In that way, the museum is both about the past and the future. It doesn’t just want to preserve go-go. It also wants to use the music to build up the community.
“It’s about fixing the problem, not just talking about the problem,” says Moten, a longtime city activist who started the anti-violence youth mentoring group, Peaceoholics, after serving time in prison on a drug charge. Protesting isn’t enough, he says. “If it’s just about getting 10,000 people in the street and not educating the people and moving them along, then we weren’t doing nothing.”
What has become clear since the protests is that black D.C. natives are not the only ones who feel that way. In the past year, Moten says, residents who are white, black and other races and ethnicities have come together regularly to talk about gentrification and discuss how to preserve what makes the District unique.
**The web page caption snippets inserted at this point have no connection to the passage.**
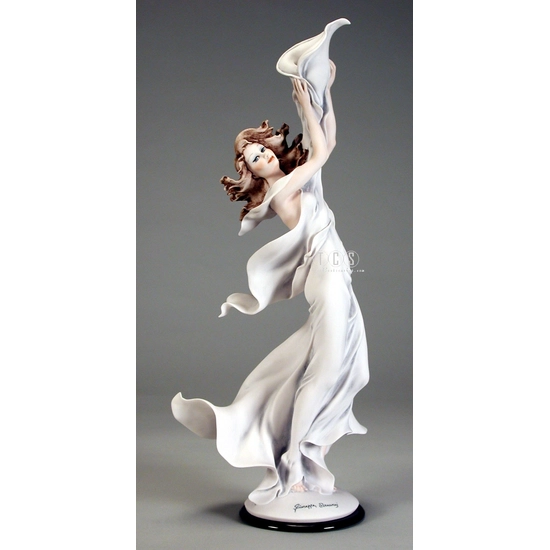 Giuseppe Armani - Girl With Calla Lily Candleholder-Left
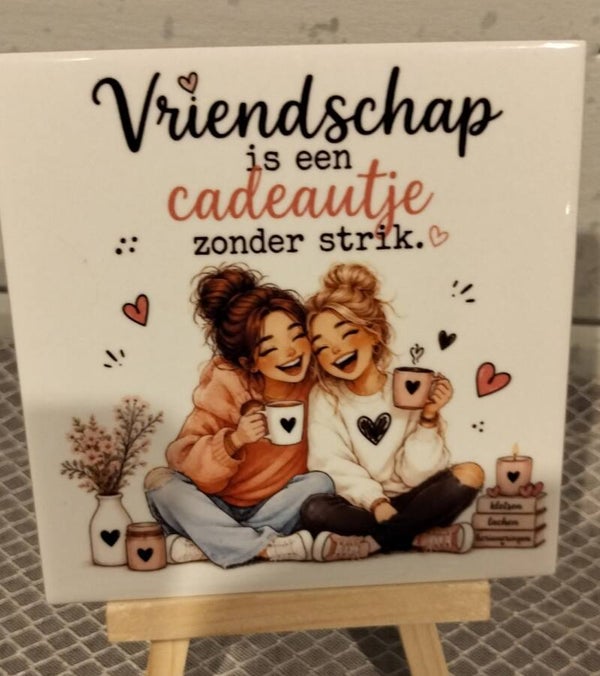 Vriendschap is een kadootje zonder strik 1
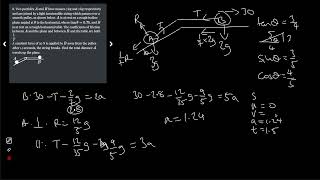 A Level Maths  2D Connected Particles Q8 mathsquestionsapp [upl. by Torrell]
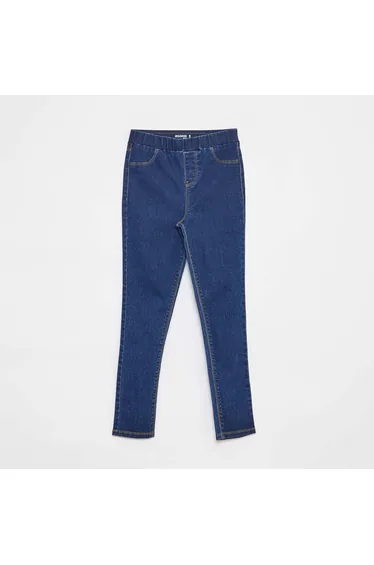 Plain jeggings BLUE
After all, no one voluntarily moves to a city hoping to scrub it of its identity. No one settles in New Orleans and expects not to hear jazz.
“When I started seeing all these white people and other people say, ‘We got to save the music, save the culture,’ it gave me so much hope,” Moten says. “All of this is coming from music, and that’s big.”
The goal is to open the museum, which is located near the Anacostia Metro station, by the end of April.
It will be located in a building that has housed Check It Enterprises, which describes itself as a gang turned business. Moten, who works with Check It and was one of the organizers for #DontMuteDC, says that when they were looking for locations, they decided it should be in Southeast Washington because “most of the go-go artists came from this side of the river.”
The renovations, which are nearly finished, were covered by a $50,000 grant from the city. A GoFundMe account was created to raise the rest. That goal was set at $25,000.
On Friday, only a fraction of that amount had been raised, but Moten wasn’t discouraged. A message from one donor showed that those who were giving realized they were investing in more than a museum. They were investing in Washington. Our Washington.
The comment read, “Preserving living culture is essential to keeping DC alive.”